Next up: Blog Design in an Ever-changing Landscape.

Have a big question about one of our class topics? Tweet at us and we’ll try and throw it into a Q&A round.

See you guys on the flip-side!

SESSION TWO: BLOG DESIGN IN AN EVER-CHANGING DIGITAL LANDSCAPE, with Tim Maudlin…and Liz Miller via satellite!

Michele here, taking over for Jess. How do I feel after the first class? Well, when I see HTML and CSS code I’ll know much better what I’m looking at. Colin gave us a link to a page he put together with lots of great references for HTML, CSS, and JavaScript. Thanks for being smarter than us, Colin!

Our blog design team together in Seattle — thanks, technology!

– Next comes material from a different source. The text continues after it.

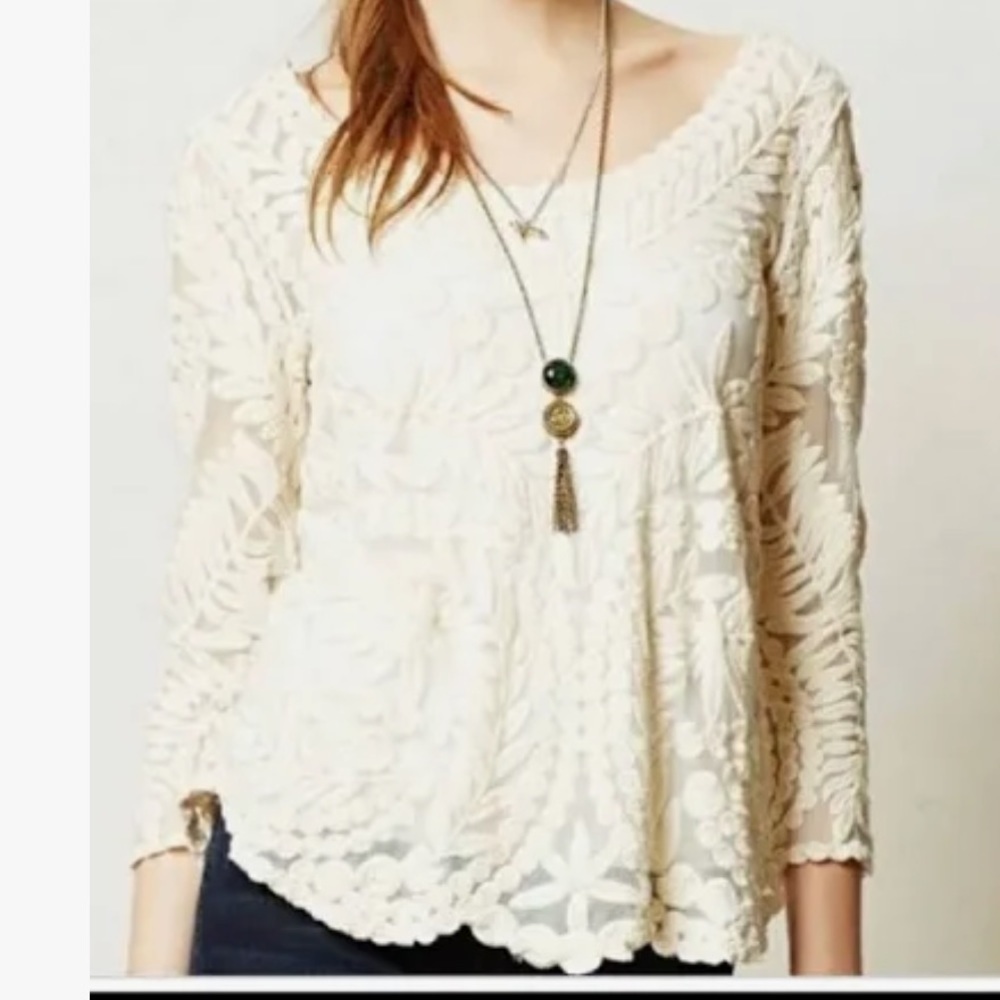 Anthro Meadow Rue cream Lace Grace long sleeve sheer shirt scoop neck scallops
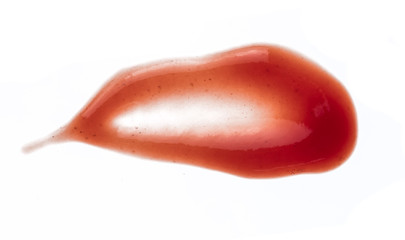 Ketchup or tomato sauce on white background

So…as technology gets better, so must we. Back in the day, when the Internet was a baby, a boring-as-hell Website was still pretty awesome. Now we have to think about pissing people off if our site doesn’t look good on their iPad, phone, laptop, and giant televisions. This is where responsive design comes in. Check out Responsinator to see how yours (re)sizes up!

And now you’re back to thinking about how long it takes for your page to load. Sure, everyone’s browsers and machines at home are pretty fast now, but phones are still struggling to keep up with our demands. They’re moving fast, but don’t take the chance of using elements that aren’t supported or just take forever to load. If your page takes more than a couple of seconds—seriously, like TWO seconds—you’re gonna lose some people.

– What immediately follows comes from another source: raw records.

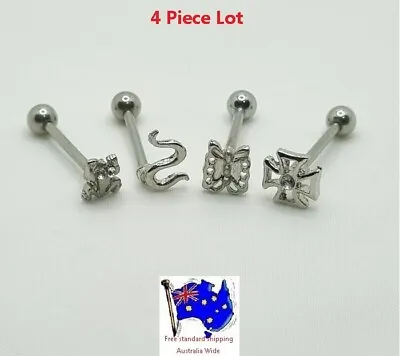 4 Piece Picture Shape Tongue Bar Logo Tongue Ring Body Piercing Jewellery • £9.90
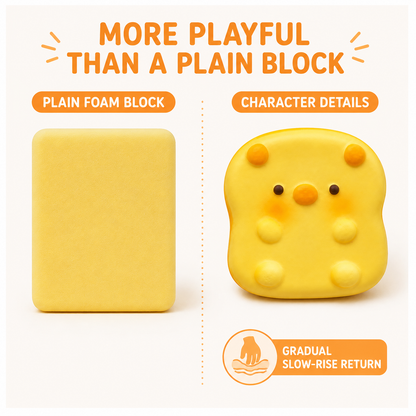 Yellow pig character squishy feature comparison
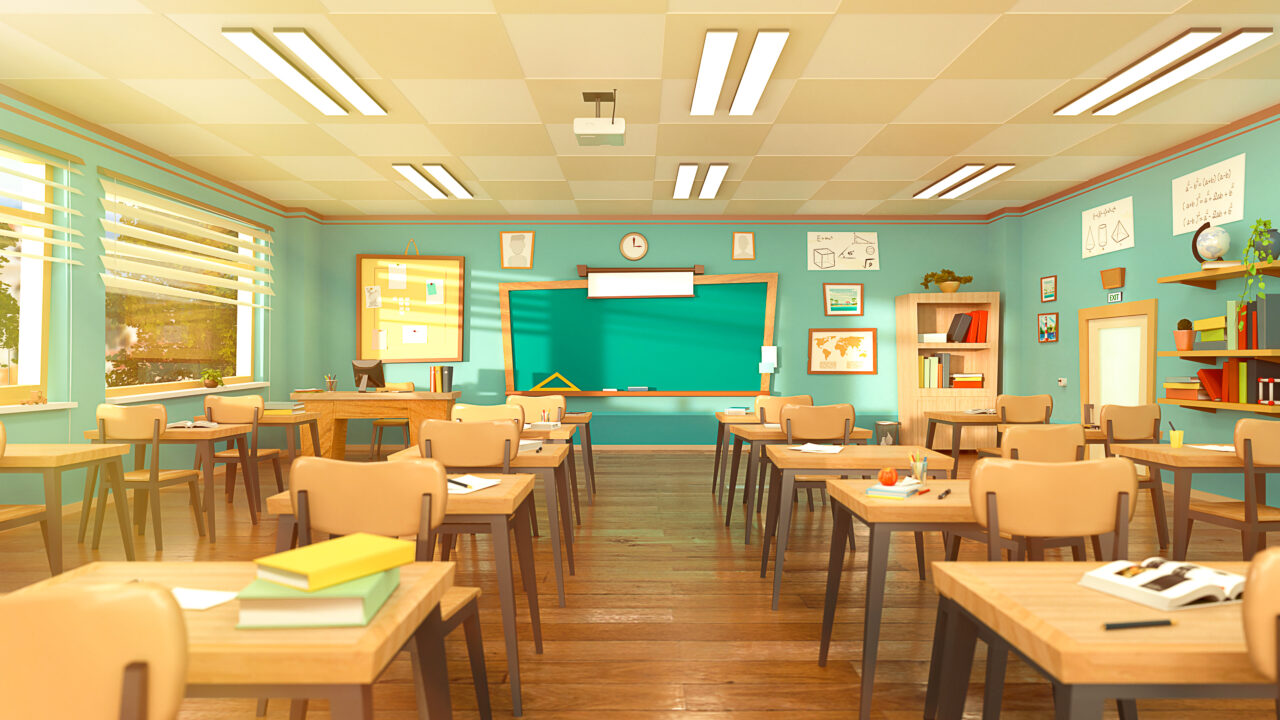 Empty school classroom in cartoon style. Education concept witho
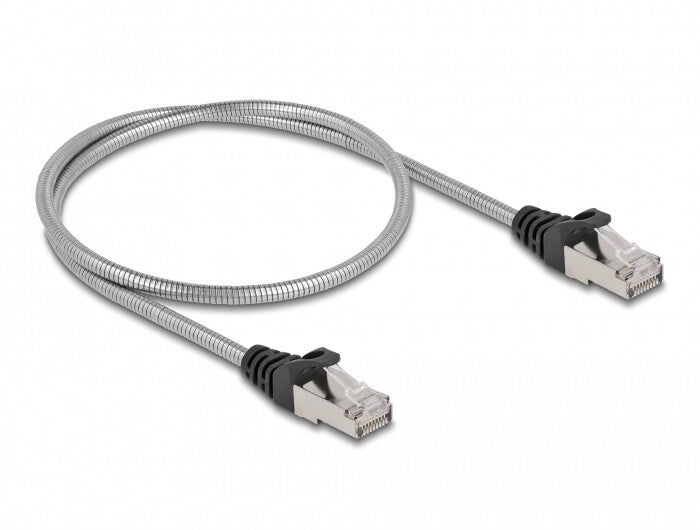 DeLOCK 80107 netværkskabel Sølv 0,5 m Cat6a U/FTP (STP)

A word on choosing a hosting provider: Use free trials and cheap no-contract services to try stuff out. If you spend $5 for a month and can back out, then you really haven’t lost too much. And beware reviews. Read ‘em, sure, but a lot of them aren’t genuinely from customers. It’s often bought ink.

If you’re doing a lot of coding, check out YSlow for tips on how to speed up your loading.

Favorite sources for fonts? Font Squirrel and Google Web Fonts.

Annnd, Veggie Grill has started bringing in food, so that’s lunch!

SESSION THREE: PODCASTING ON A BUDGET, with Barb Troyer

Back from lunch, which Janessa selflessly volunteered to cover.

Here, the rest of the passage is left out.